When I try it on Fermi GPUs the results seem to be very close to theoretical numbers. However, when I try it on Kepler GPUs they seem to be lower than expected. This fact is especially evident on a Tesla K40m on which it evaluates to 3,014.91GFLOPS (peak:4,291 GFLOPS, 70% efficiency). The same kernel adapted for DP gives 1373.83GFLOPS which is somehow much closer to the theoretical peak (1430 GFLOPS, 96% efficiency).
Am I missing something about Kepler?

ekon,

Would you be willing to share your test code? I would be interested in poking at this a bit as well.

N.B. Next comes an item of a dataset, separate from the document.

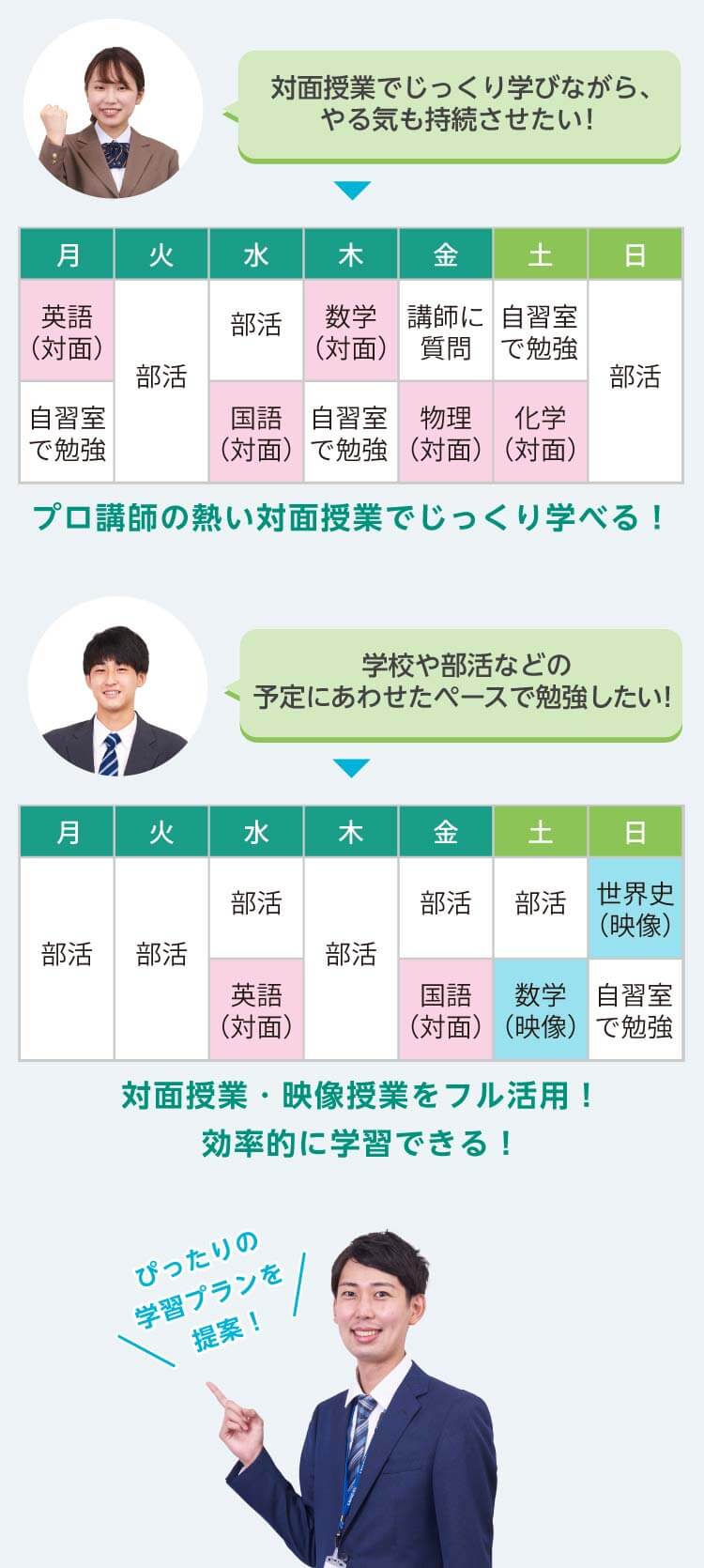 対面授業でじっくり学びながら、やる気も持続させたい！「プロ講師の熱い対面授業でじっくり学べる！」学校や部活などの予定にあわせたペースで勉強したい！「対面授業・映像授業をフル活用！効率的に学習できる！」ぴったりの学習プランを提案！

I don’t have any good theories right now for why you do not see closer-to-peak performance.

Well, I guess this has to do with the undocumented register bank conflicts which are evident on Kepler. You can find more information in a paper about Matrix Multiplication which investigates this issue:

http://hal.archives-ouvertes.fr/docs/00/78/99/58/PDF/112_Lai.pdf

From all I know so far, the third set of FPUs/“cores” per SMX on Kepler appears register bandwidth starved. I’ve observed similar problems as you and as laid out in the paper you cited.

I wonder if this had anything to do with Maxwell reducing the SM “core count” from 192 to 128…

http://docs.nvidia.com/cuda/maxwell-tuning-guide/index.html#axzz30Z3oclDC

:-)

I believe it has a lot to do with it. Never understood why Nvidia went for 192 in the first place - they should have known from Fermi experience (but it might have been too late for a redesign by then).